* **Your instructions**: Select the lines of the records containing the word "Printed" and list them.
++++ Raw data
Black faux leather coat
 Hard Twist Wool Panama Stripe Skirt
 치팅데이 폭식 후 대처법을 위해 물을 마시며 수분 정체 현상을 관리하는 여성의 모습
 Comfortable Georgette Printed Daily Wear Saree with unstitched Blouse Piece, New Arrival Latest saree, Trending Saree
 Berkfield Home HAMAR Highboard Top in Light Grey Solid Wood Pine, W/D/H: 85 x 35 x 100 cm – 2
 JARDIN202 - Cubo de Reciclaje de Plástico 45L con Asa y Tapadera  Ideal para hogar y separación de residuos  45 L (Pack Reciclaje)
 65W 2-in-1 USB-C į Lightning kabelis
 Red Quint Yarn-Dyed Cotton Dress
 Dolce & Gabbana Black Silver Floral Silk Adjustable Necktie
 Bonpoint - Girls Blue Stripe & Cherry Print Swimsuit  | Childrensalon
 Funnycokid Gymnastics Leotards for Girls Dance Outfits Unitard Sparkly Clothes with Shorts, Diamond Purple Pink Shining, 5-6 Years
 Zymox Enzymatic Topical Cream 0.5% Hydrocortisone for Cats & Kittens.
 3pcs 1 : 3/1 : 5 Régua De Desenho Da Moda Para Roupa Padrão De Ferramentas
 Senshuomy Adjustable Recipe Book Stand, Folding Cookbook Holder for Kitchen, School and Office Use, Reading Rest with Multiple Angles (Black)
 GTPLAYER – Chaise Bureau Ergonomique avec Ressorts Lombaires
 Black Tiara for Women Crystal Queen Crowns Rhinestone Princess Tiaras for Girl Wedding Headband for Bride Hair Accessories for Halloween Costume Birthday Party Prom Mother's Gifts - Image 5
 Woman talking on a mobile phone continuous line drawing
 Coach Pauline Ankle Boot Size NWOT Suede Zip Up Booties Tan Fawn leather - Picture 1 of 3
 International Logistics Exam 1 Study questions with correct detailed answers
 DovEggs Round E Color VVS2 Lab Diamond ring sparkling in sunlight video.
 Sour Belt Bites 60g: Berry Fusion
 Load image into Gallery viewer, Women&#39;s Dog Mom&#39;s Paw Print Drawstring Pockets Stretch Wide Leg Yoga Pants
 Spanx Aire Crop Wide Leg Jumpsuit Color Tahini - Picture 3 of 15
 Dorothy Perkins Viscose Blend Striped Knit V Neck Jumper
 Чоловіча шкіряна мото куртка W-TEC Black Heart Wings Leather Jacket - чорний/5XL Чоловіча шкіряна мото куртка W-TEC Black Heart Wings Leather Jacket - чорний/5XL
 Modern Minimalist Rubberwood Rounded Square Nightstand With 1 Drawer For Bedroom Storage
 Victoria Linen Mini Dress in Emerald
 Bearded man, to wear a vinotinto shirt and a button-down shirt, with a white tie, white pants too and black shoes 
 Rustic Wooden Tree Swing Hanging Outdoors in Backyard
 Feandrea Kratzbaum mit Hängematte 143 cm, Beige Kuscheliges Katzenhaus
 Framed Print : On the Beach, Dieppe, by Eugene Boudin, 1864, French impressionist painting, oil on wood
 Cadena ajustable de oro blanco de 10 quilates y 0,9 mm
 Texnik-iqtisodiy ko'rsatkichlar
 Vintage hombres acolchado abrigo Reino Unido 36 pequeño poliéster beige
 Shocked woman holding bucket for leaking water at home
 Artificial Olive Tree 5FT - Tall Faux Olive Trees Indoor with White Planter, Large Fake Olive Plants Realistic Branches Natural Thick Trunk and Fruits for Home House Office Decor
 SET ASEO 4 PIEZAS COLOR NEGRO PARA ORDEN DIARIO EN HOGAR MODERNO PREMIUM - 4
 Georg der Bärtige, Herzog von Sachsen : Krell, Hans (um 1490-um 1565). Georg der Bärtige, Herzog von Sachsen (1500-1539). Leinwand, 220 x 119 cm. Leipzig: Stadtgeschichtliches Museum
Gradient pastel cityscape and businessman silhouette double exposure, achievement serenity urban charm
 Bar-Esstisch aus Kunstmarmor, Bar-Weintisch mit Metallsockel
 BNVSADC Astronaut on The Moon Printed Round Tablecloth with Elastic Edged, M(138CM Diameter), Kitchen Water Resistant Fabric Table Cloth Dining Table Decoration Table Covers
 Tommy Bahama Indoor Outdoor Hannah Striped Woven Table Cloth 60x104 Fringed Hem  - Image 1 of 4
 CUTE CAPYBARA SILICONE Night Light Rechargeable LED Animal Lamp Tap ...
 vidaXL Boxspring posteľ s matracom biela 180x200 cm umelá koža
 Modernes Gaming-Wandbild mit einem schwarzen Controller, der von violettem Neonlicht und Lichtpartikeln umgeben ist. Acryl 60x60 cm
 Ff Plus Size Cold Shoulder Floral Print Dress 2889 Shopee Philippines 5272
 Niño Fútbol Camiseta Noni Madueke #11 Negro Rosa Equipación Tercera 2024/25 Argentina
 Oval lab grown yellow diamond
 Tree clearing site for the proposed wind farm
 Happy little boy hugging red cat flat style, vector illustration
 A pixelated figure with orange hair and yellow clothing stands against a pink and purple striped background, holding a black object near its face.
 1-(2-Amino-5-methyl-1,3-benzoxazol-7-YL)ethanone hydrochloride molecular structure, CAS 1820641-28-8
++++++++
* **Exercise answer**:
 Comfortable Georgette Printed Daily Wear Saree with unstitched Blouse Piece, New Arrival Latest saree, Trending Saree
 BNVSADC Astronaut on The Moon Printed Round Tablecloth with Elastic Edged, M(138CM Diameter), Kitchen Water Resistant Fabric Table Cloth Dining Table Decoration Table Covers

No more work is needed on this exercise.